#### [Your instructions]
For this exercise, copy all the data exactly and include none of the pictures.

Data excerpts
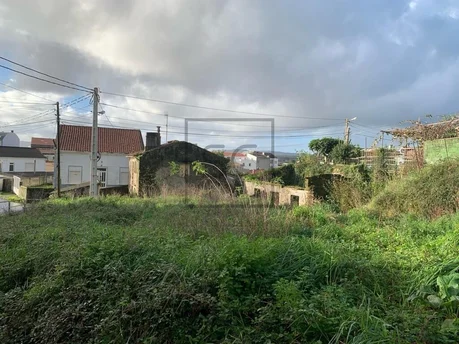 Finca edificable en casadelos-neda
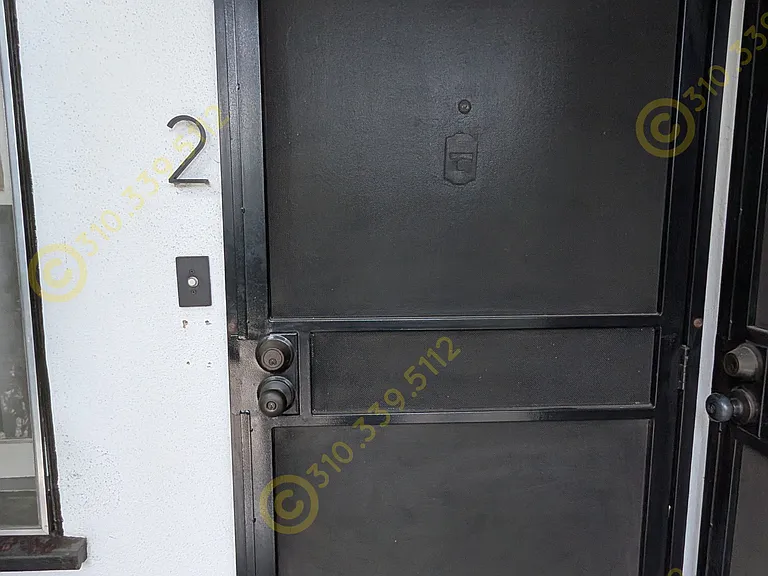 1377 S Sierra Bonita Ave #2 — Photo 5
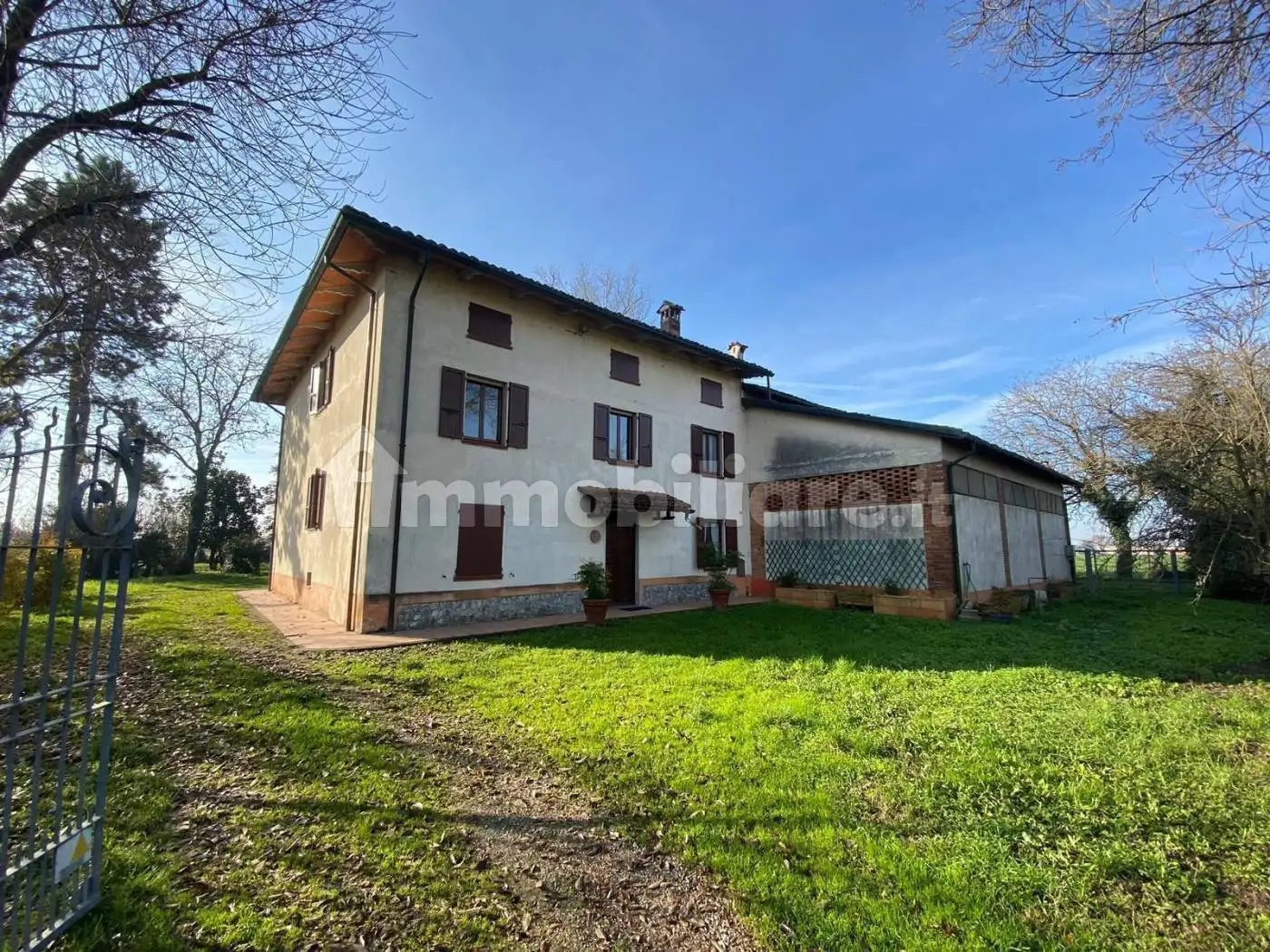 Rustico - Casale in vendita a Roccabianca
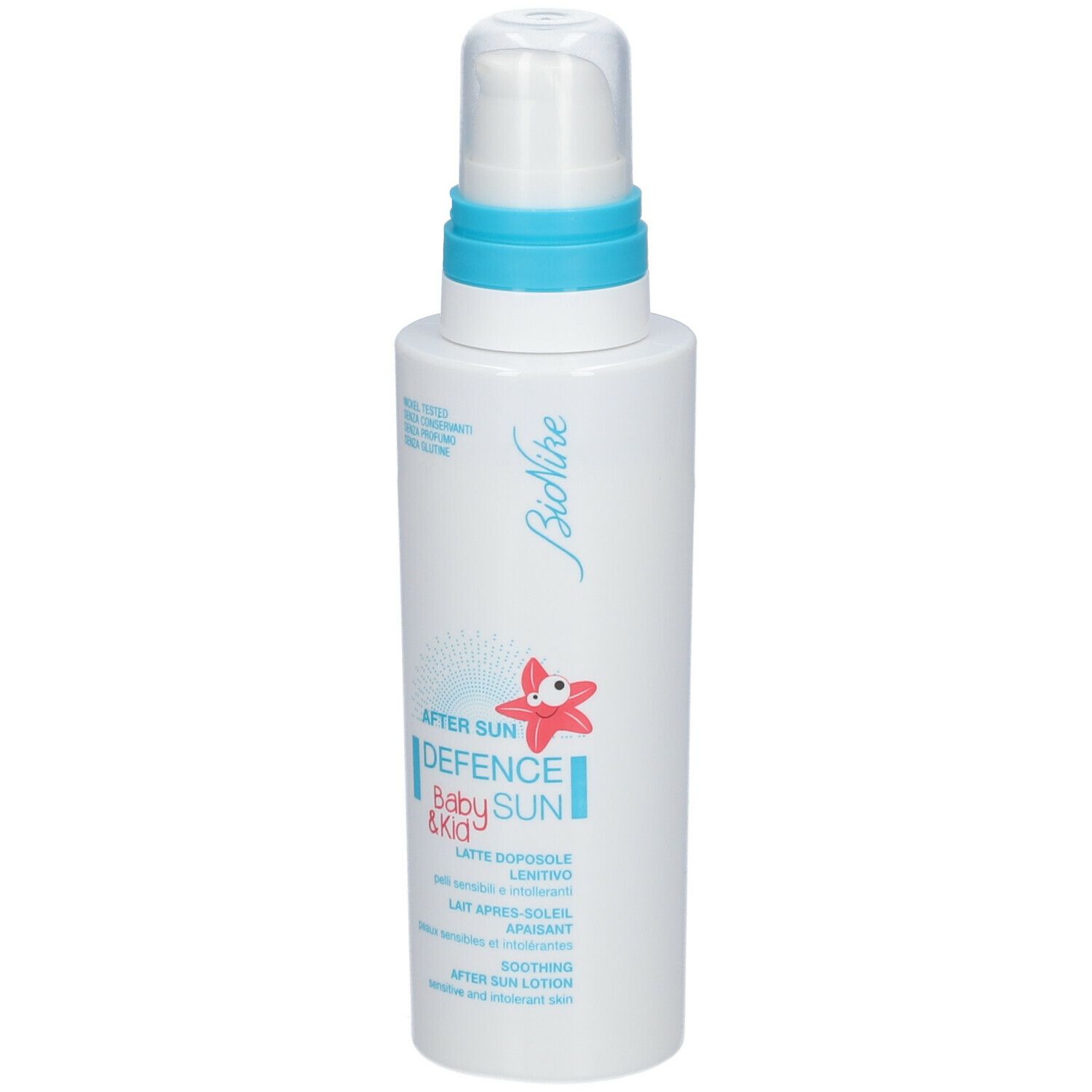 Flacone bianco con erogatore blu. Scritta: After Sun Defence Baby & Kid. Marchio Bionike.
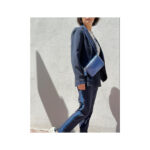 Riñonera de piel con Efecto Metalizado y Cremalleras para Mujer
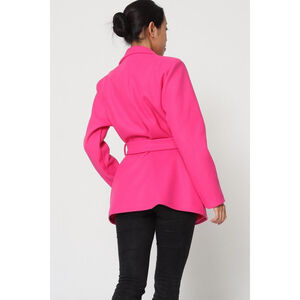 Manteau court ceinturé à la taille avec col à revers et boutons sur l'avant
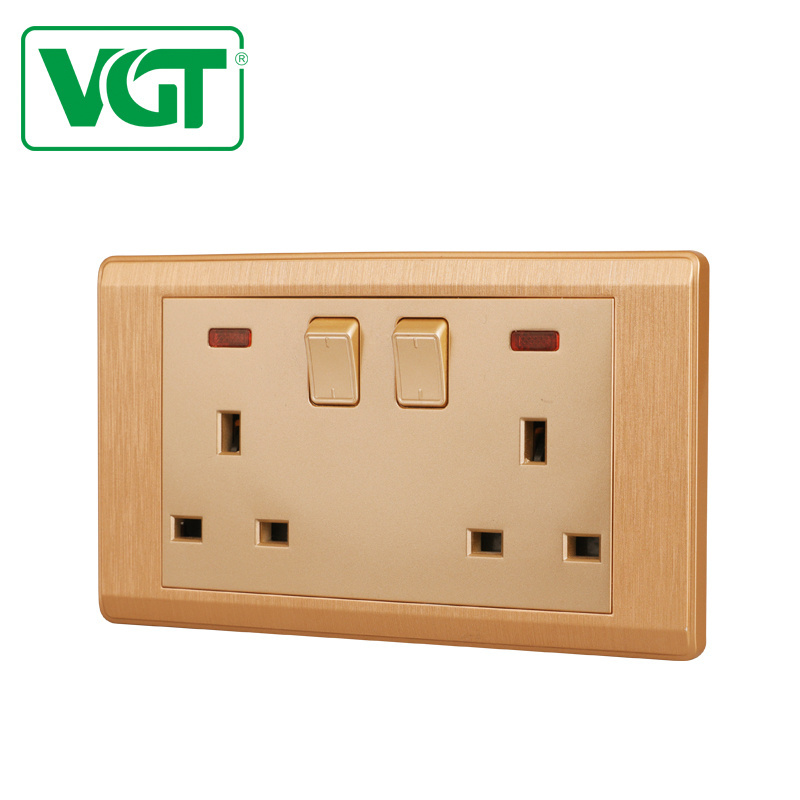 VGT With After-Sale service 13 Amp PC 3 Hole Wall Socket Outlet Spray Painting Gold /wall switch/electrical accessories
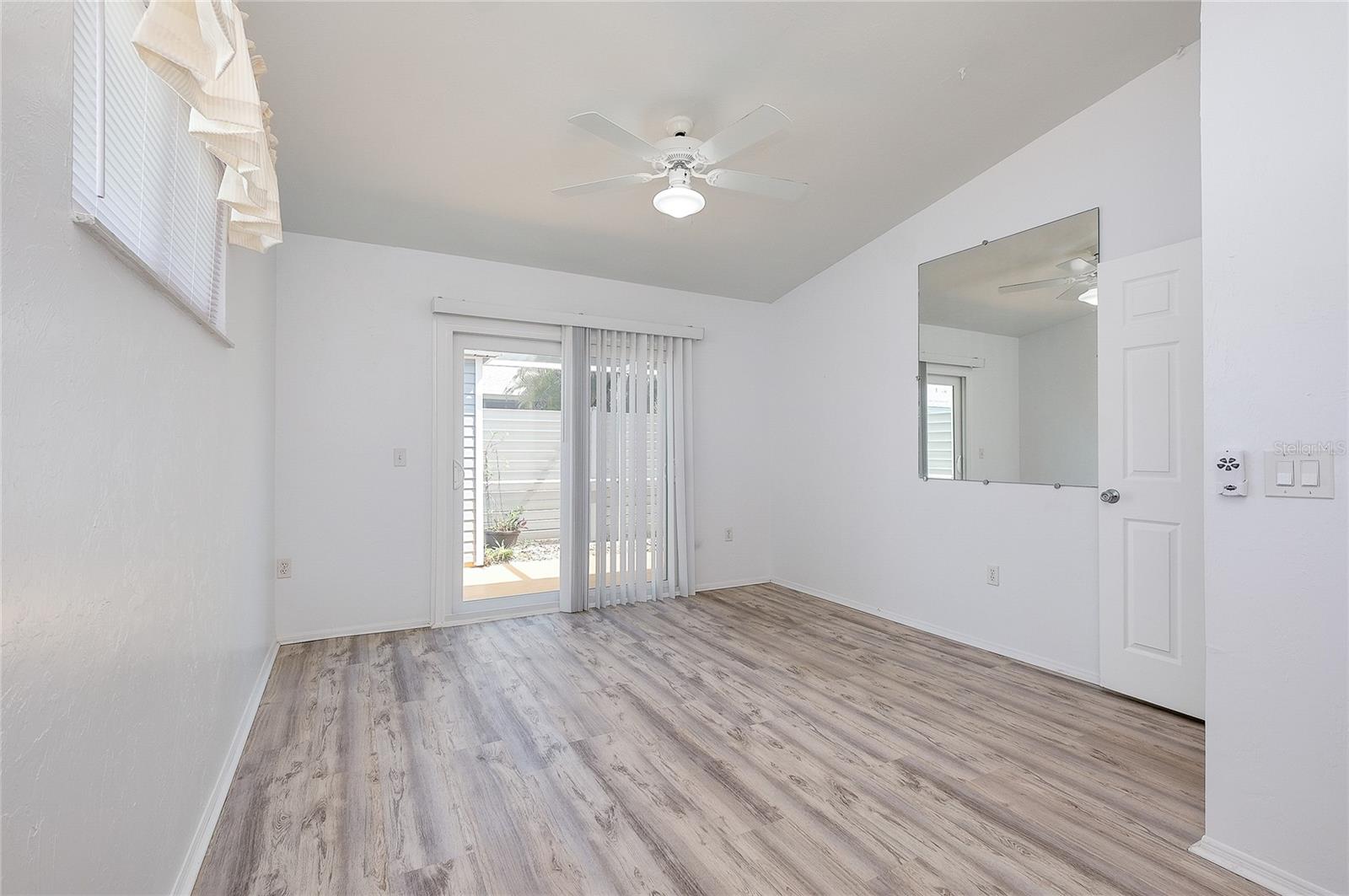 LOVELAND COURTYARD PH 01 - Residential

#### [Result]
 Finca edificable en casadelos-neda
 1377 S Sierra Bonita Ave #2 — Photo 5
 Rustico - Casale in vendita a Roccabianca
 Flacone bianco con erogatore blu. Scritta: After Sun Defence Baby & Kid. Marchio Bionike.
 Riñonera de piel con Efecto Metalizado y Cremalleras para Mujer
 Manteau court ceinturé à la taille avec col à revers et boutons sur l'avant
 VGT With After-Sale service 13 Amp PC 3 Hole Wall Socket Outlet Spray Painting Gold /wall switch/electrical accessories
 LOVELAND COURTYARD PH 01 - Residential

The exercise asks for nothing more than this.